Verghese Kurien: Kisah Si Manusia Susu dari India
Halo! Nama saya Verghese Kurien. Saya ingin menceritakan kisah saya tentang bagaimana sebuah ide sederhana tentang susu mengubah negara saya. Saya lahir pada tanggal 26 November 1921, di sebuah kota bernama Calicut di India. Saat masih kecil, saya sangat tertarik dengan sains dan cara kerja berbagai hal. Kecintaan saya pada belajar ini membawa saya untuk mempelajari fisika dan kemudian teknik mesin. Saya bahkan pergi jauh ke Amerika pada tahun 1946 untuk mendapatkan gelar master saya, yang merupakan sebuah petualangan yang sangat besar!
Ketika saya kembali ke India pada tahun 1949, pemerintah memberi saya pekerjaan di sebuah pabrik susu tua yang kecil di sebuah kota bernama Anand, di negara bagian Gujarat. Sejujurnya, pada awalnya saya sama sekali tidak ingin berada di sana! Tempat itu berdebu dan pekerjaan saya terasa tidak penting. Saya berencana untuk pergi secepat mungkin. Namun kemudian saya bertemu dengan seorang pria yang sangat menginspirasi bernama Tribhuvandas Patel. Beliau memimpin sekelompok peternak lokal yang sedang berjuang. Mereka bekerja sangat keras merawat sapi dan kerbau mereka, tetapi mereka dibayar sangat sedikit untuk susu mereka oleh perusahaan-perusahaan besar. Melihat masalah mereka membuat saya ingin tinggal dan membantu.
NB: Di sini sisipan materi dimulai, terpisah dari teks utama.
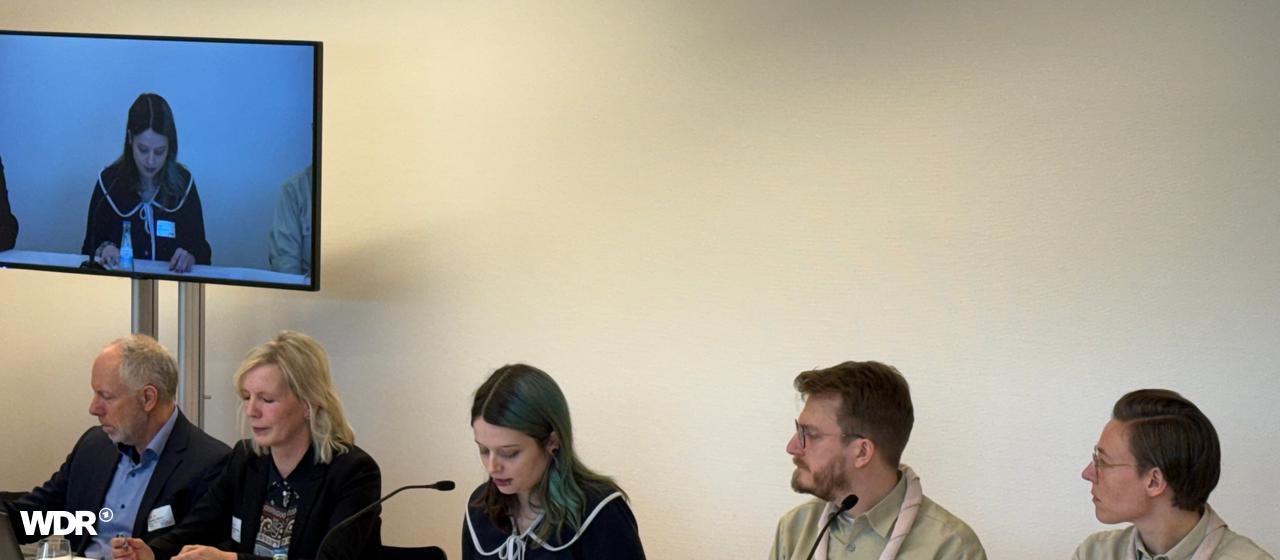 Auf dem Bild sieht man eine Pressekonferenz der Mönchengladbacher Pfadfinder. Insgesamt sitzen fünf Personen an einem Tisch.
Pak Patel dan saya percaya bahwa para peternak seharusnya mengelola bisnis mereka sendiri. Kami membantu mereka mengorganisir sebuah koperasi, yaitu sebuah jenis tim khusus di mana semua anggotanya juga merupakan pemiliknya. Ini berarti para peternak dapat memutuskan harga dan berbagi uang yang mereka peroleh. Kami menamai koperasi susu kami 'Amul'. Kami menghadapi tantangan besar: para ilmuwan di seluruh dunia mengatakan bahwa susu bubuk tidak bisa dibuat dari susu kerbau, padahal itulah yang sebagian besar dimiliki oleh peternak kami. Namun setelah bekerja keras, tim saya dan saya berhasil menemukannya pada tahun 1955! Ini adalah yang pertama di dunia, dan itu berarti kami bisa menyimpan susu berlebih tanpa menjadi basi.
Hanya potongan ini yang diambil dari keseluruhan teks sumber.